I’m more than aware the majority of people don’t like Serena and think she’s the worst thing ever. And fair play! (I get it… cos I’m not delusional. She’s awful.) Each to their own. I don’t go around bitching at people who say shitty things or stuff I don’t agree with, or blocking anybody who doesn’t like her. (There are a few posts I do engage with cos normally they seem like they want to go deeper in The Discourse but most Serena/Lydia/Eden/Janine/June-hate I just ignore.)
ITA. S1 was, like, okay. That’s Nick. What’s he up to? What’s his deal? (I don’t really care but I’m not opposed to him either. Just like I didn’t care about Luke’s backstory/escape.) He’s trying to be good to June and she needs that.When we did learn his backstory I was not pleased cos he seemed like a twerp but whatevs. Grey characters are grey. It wasn’t until S2 that I started to get irked by him (and the hypocrisy of his fans but that’s a whole other issue). 
I can’t agree ANY more with your assessment of Nick. Like that’s EXACTLY what I’ve been saying! Firstly, he was RIGHT THERE when the Handmaid/Ceremony thing was first suggested and was like “Oh, yeah, great idea!” to Fred. I get that perhaps he was pressured to go along to keep his job but that’s a stretch imo, and if you can give him that sort of leeway, why can’t characters like Eden, Serena, Lydia and June get the same benefit of the doubt for certain things? Why is Nick’s pressure to keep his job more important and forgivable than anybody else’s pressures? It’s like that entire scene doesn’t exist to fangirls and Nick is so precious and in love and wonderful. Then there’s the rape of June. Like I know it’s pretty controversial to look at it that way, but that first time, with Serena overseeing it like a fucking creepy pimp (YUUUUUUCCCKKKKK I HATE IT THANKS) was rape. June barely knew the guy and I’m pretty sure if she wanted to have sex with him it wouldn’t be like that! And sure, after that, it was totally consensual but that first time was not. And I’ve heard the justification and excuses of “Well, Nick didn’t have a choice either!” which I call bullshit on, cos Nick is not some powerless delivery boy. 

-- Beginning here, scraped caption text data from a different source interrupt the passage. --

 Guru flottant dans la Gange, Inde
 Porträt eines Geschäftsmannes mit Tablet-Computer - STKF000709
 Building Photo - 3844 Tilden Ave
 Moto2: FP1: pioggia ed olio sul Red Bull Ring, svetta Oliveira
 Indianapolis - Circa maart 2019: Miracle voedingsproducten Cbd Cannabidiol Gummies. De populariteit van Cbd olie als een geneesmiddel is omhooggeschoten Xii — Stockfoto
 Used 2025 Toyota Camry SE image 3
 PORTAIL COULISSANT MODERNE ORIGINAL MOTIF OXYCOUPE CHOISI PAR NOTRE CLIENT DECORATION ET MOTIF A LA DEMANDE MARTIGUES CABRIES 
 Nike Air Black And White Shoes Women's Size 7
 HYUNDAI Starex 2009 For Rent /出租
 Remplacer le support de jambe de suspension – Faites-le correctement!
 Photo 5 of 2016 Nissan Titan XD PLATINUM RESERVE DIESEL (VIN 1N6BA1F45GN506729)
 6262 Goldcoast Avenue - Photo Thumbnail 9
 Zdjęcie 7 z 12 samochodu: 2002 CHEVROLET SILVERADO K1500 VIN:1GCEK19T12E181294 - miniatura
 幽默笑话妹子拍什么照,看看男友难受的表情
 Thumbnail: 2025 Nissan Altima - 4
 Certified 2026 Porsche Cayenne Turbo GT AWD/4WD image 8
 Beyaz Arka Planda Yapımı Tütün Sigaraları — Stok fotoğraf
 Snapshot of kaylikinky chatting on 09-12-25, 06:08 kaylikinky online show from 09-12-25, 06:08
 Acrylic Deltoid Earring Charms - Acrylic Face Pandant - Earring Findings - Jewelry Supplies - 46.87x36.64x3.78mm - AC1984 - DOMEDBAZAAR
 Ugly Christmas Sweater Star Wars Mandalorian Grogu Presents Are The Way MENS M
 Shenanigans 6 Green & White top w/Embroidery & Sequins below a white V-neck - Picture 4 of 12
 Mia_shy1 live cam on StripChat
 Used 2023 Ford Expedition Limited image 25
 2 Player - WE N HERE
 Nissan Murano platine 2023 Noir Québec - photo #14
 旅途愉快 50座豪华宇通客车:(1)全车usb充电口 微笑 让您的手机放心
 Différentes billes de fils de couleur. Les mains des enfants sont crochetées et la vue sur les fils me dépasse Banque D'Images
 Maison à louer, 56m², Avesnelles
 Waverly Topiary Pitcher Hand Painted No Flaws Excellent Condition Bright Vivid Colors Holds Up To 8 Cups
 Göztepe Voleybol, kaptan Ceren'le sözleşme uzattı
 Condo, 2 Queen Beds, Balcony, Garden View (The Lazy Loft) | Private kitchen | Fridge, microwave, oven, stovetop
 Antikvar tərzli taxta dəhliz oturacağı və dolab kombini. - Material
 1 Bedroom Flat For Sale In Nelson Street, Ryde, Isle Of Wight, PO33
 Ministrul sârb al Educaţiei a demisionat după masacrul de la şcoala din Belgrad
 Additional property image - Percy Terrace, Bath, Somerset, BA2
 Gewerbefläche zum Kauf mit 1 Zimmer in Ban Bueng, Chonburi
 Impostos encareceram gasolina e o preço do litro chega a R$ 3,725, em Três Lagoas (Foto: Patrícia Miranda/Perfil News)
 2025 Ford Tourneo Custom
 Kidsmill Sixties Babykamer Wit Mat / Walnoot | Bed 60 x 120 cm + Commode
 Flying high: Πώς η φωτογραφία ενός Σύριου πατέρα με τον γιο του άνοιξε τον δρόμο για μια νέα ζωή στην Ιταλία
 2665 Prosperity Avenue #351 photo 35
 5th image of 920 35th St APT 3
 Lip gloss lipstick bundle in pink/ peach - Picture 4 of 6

He’s a fucking Guardian who is tight with the top Commanders. He’s a man, if nothing else. Serena can act all high and mighty but she’s still a woman in a highly misogynistic society. I’m not convinced Fred would take his wife’s word over Nick’s tbh, especially if it was like “Dude, your crazy wife asked me to fuck the Handmaid you’re obsessed with”. If he really didn’t want to do it that badly, he could have taken that chance to report Serena. Even if Fred wanted to keep it hush hush away from other Commanders, he would have gone after Serena. Men are far more likely to turn on women than each other, esp in THT. But that’s just my take. Maybe I am missing something about Nick’s status. To me, it was like double rape. Neither of them wanted to do it, like that anyway. But Nick also did fuck all to stop it when IMO he did have some power to do something. He is not a helpless victim in that society, imo. Again, probably not a well-received opinion. 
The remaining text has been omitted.